GLM Tweedie Distribution – How to Determine the Tweedie Dispersion Parameter in Generalized Linear Models

dispersiongeneralized linear modeltweedie-distribution

I am running a tweedie regression and I need to get the dispersion parameter(phi).
Here a simple R code:

library(GLMsData)
library(tweedie)
library(statmod)

set.seed(999)
data(quilpie)

out <- tweedie.profile(Rain ~ Phase, do.plot=TRUE, data=quilpie, link.power = 0)
model <- glm(Rain ~ Phase, data=quilpie, family=tweedie(var.power=out$xi.max, link.power=0))

out$phi.max
summary(model)$dispersion

First I am finding the optimal var.power coefficient and then fitting the model.
What I don't understand is why the phi.max estimate and the dispersion estimate are not the same?
What am I missing here?

Best Answer

For the benefit of other readers, Tweedie glms assume that the variance of the responses has the form $$ {\rm var}(y_i) = \phi \mu_i^\xi $$ where $\phi$ is the dispersion and $\xi$ is the variance power.

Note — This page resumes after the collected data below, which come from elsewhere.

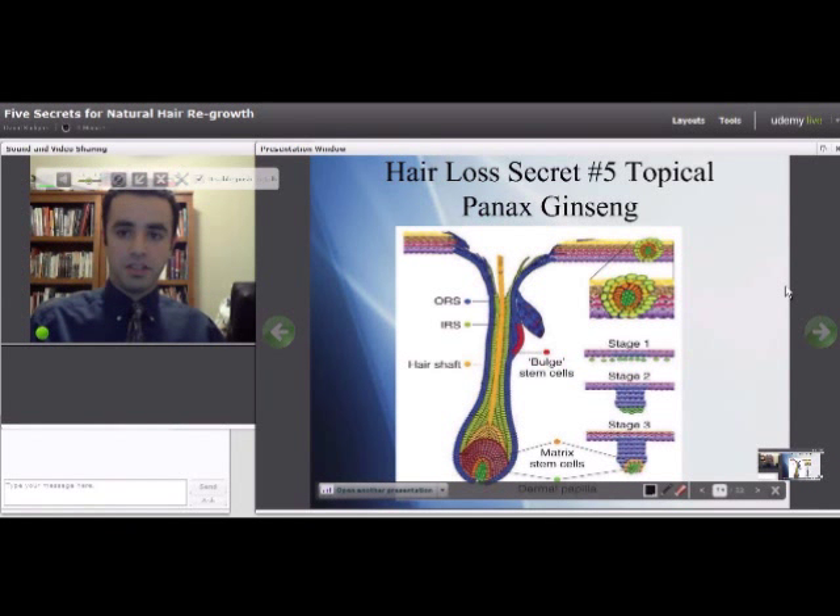Next is the fifth secret: topical Panax ginseng. Looking at a diagram of the hair root and follicle, at the very bottom is the dermal papilla cell — that's where everything grows out of. You want to increase the number of dermal papilla cells to increase the number of hair roots and therefore produce fuller, thicker hair. This is exactly what they studied with topical Panax ginseng, because it helped the proliferation of these dermal papilla cells.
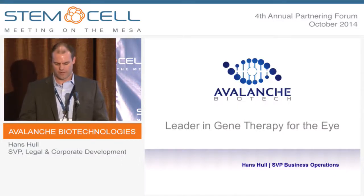So it's great to be here. Thanks for having us. My name is Hans Hall. I'm SVP of Business Operations at Avalanche, and we're a leader in gene therapy for the eye.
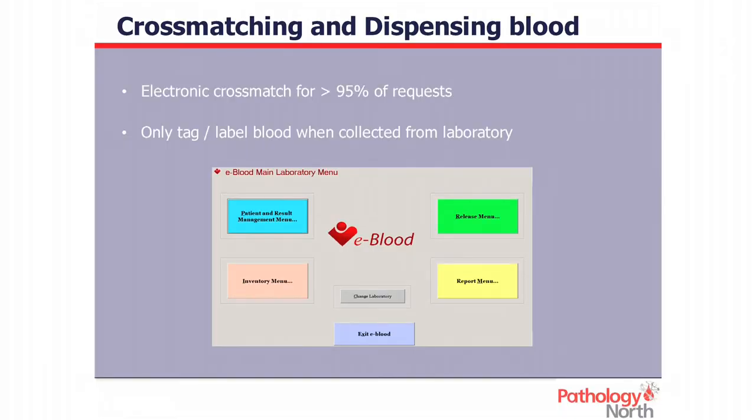Cross-matching and dispensing blood: we use eBlood, our patient inventory and management system, networked to all our sites including those without laboratories, so we can electronically release blood — that accounts for about 95% of the blood we release. We only group and save patients unless they've got antibodies, so we don't tag up blood or leave it sitting on the shelf. We only tag blood when it's collected from the laboratory, meaning we can hold less stock in total, blood isn't tied up unnecessarily getting older, and as Peter mentioned, we can always issue the oldest blood first.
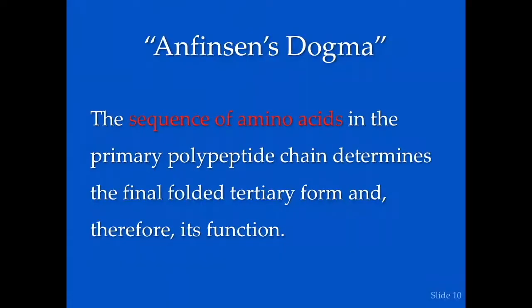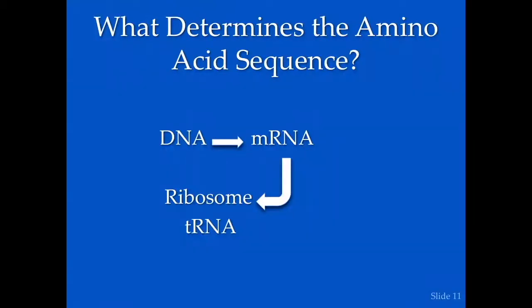Jumping ahead about a century from Pasteur to Christian Anfinsen, who won the Nobel Prize in 1972 in chemistry for demonstrating that the sequence of amino acids in the polypeptide chain determined the final active tertiary form. All you had to do was know the alphabet of the amino acids strung on the chain — that was entirely sufficient to determine how it would fold into the final active tertiary form. A dramatic discovery.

tweedie.profile returns maximum likelihood estimators for $\phi$ and $\xi$.

The dispersion estimator returned by glm is different because

  1. it is a Pearson estimator based on squared residuals rather than a maximum likelihood estimator and

  2. it is adjusted for the fact that the linear model regression parameters have to be estimated, which the maximum likelihood estimator is not.

The dispersion estimator returned by glm is more conservative and will generally be slightly larger than that from tweedie.profile, especially when the sample size is small or you have a large number of covariates in the linear model. You can force glm to use the maximum likelihood estimate if you want by

summary(model, dispersion=out$phi.max)
anova(model, dispersion=out$phi.max)

but we recommend that you use the more conservative Pearson estimator from glm.

The different dispersion estimators are explained in detail in my book with Peter Dunn:

Dunn, PK, and Smyth, GK (2018). Generalized linear models with examples in R. Springer, New York, NY.